Introducing logging aspect to the machine learning platform of Target.

Varun Sai

9/25/20232 min read

Every platform needs a scalable and a robust logging features. This helps in quick debugging of production issues and better visibility to the internal members of the platform. In some cases, the users of the platform might also want to look at what their code is outputting at a line-by-line basis rather than the end result of their workloads. They might also want to "save" their logs for further analysis and the platform must be able to provide that.

In the early-mid days of the platform, users did not get any logs for their workloads and were only able to get a ML model as the end result. There were options to use a internal tool but it only had a retention period of 5 days. This issue was quickly identified and I took up ownership for this assignment to develop the infrastructure from scratch. This needed several learnings namely, how Elasticsearch and Kibana work together and how to host them.
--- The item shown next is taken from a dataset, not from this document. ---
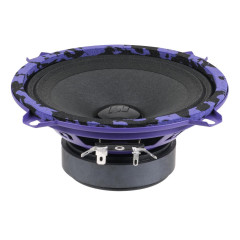 Колонки 5&amp;quot; DL Audio Piranha 130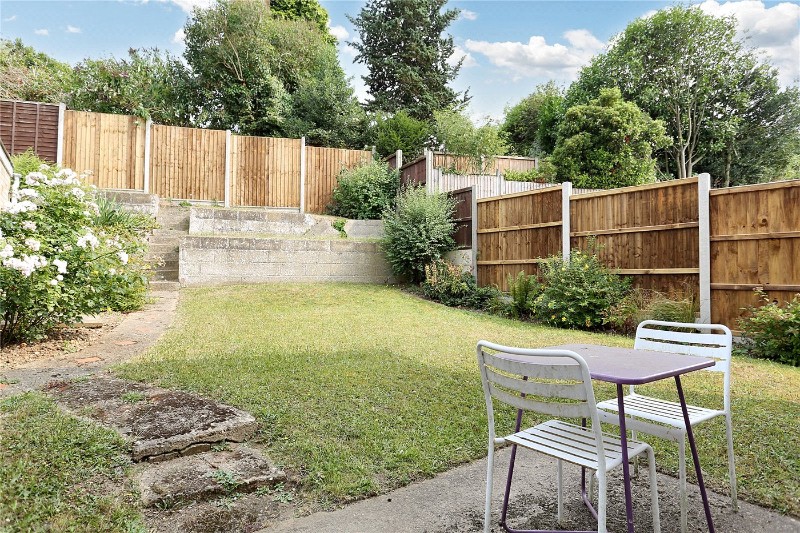 Leng Crescent, Eaton, Norwich, Norfolk, NR4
The solution was to create Elasticsearch databases for each environment and host corresponding Kibana servers for each database. All the logs were generated in training Docker containers, which you can read more about here

A python helper library was created for this purpose. This internal library had functionality to take in logs generated by any Docker container and push it a specific Elasticsearch server. It had additional functionality to create a logs file and push it to a remote location such as Amazon S3, and this file can be downloaded by the user from the UI. The hosted Kibana servers would then display these logs and this link can be provided to the user.

This resulted in many improvements to the platform. The user was able to get a in-depth look into what their workloads are actually doing! instead of just getting the end model and they test the model again for rubrics. This feature become more and more useful as all the servers hosting the platform now switched to using the new infrastructure for pushing and analyzing logs. This helped in better debugging and better visibility for the platform.

I also took ownership to a future feature which was built upon this feature. It was introducing log tracking across various servers. A log ID was generated at very first API server which takes in request from the UI, and passes the log ID along with the request to other other servers and so on. As a result, a single log ID is maintained by the entire platform and this improved the scope of debugging even further.

Time taken to complete (available in production) this feature: 2 - 3 sprints including testing.

Tech stack used: Python, Elasticsearch, Kibana.